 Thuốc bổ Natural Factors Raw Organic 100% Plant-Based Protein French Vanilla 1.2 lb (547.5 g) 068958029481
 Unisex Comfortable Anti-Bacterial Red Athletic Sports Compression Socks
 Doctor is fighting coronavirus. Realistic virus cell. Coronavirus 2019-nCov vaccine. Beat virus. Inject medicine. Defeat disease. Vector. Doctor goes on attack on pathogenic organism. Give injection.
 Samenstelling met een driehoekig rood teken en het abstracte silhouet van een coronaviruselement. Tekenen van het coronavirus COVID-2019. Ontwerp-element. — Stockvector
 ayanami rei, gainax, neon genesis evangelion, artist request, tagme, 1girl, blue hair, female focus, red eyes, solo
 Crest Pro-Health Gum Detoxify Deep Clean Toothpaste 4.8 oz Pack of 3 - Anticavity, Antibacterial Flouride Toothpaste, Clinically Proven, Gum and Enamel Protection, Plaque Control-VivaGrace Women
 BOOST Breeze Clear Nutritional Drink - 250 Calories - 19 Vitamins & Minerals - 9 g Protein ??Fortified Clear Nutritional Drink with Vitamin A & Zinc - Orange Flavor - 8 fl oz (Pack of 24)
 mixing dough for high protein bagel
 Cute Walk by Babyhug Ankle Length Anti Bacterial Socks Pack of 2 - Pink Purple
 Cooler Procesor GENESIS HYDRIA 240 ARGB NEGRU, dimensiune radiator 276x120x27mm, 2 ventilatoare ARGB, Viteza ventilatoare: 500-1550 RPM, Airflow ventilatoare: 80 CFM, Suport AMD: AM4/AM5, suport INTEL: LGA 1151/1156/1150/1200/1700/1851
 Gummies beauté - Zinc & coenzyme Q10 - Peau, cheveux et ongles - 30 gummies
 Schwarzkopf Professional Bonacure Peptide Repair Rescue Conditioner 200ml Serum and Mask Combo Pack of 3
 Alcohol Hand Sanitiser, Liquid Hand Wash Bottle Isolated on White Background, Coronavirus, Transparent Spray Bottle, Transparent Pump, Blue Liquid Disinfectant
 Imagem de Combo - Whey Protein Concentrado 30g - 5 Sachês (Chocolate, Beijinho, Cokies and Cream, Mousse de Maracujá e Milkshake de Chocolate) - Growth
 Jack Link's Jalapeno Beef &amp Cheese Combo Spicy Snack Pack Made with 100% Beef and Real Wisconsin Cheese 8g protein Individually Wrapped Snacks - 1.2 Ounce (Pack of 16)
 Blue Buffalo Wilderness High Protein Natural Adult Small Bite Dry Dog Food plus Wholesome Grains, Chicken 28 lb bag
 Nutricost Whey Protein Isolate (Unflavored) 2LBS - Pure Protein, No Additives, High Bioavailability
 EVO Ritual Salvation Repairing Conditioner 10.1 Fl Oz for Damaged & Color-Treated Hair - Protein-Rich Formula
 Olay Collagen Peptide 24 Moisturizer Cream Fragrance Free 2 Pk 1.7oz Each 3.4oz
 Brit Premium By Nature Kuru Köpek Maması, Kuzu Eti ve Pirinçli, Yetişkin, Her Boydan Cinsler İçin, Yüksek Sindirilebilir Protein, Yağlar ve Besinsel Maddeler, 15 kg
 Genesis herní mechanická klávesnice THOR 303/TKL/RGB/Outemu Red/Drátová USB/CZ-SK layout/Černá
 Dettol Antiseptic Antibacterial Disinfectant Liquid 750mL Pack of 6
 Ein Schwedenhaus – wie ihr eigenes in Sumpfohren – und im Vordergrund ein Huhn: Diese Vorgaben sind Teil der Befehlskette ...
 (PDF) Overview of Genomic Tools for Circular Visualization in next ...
---+---
Within the listing above, the range opens at the line with "Gummies beauté - Zinc" and closes at the line with "Olay Collagen Peptide". Reproduce exactly the lines of that range, including both ends.

> **Task output**
 Gummies beauté - Zinc & coenzyme Q10 - Peau, cheveux et ongles - 30 gummies
 Schwarzkopf Professional Bonacure Peptide Repair Rescue Conditioner 200ml Serum and Mask Combo Pack of 3
 Alcohol Hand Sanitiser, Liquid Hand Wash Bottle Isolated on White Background, Coronavirus, Transparent Spray Bottle, Transparent Pump, Blue Liquid Disinfectant
 Imagem de Combo - Whey Protein Concentrado 30g - 5 Sachês (Chocolate, Beijinho, Cokies and Cream, Mousse de Maracujá e Milkshake de Chocolate) - Growth
 Jack Link's Jalapeno Beef &amp Cheese Combo Spicy Snack Pack Made with 100% Beef and Real Wisconsin Cheese 8g protein Individually Wrapped Snacks - 1.2 Ounce (Pack of 16)
 Blue Buffalo Wilderness High Protein Natural Adult Small Bite Dry Dog Food plus Wholesome Grains, Chicken 28 lb bag
 Nutricost Whey Protein Isolate (Unflavored) 2LBS - Pure Protein, No Additives, High Bioavailability
 EVO Ritual Salvation Repairing Conditioner 10.1 Fl Oz for Damaged & Color-Treated Hair - Protein-Rich Formula
 Olay Collagen Peptide 24 Moisturizer Cream Fragrance Free 2 Pk 1.7oz Each 3.4oz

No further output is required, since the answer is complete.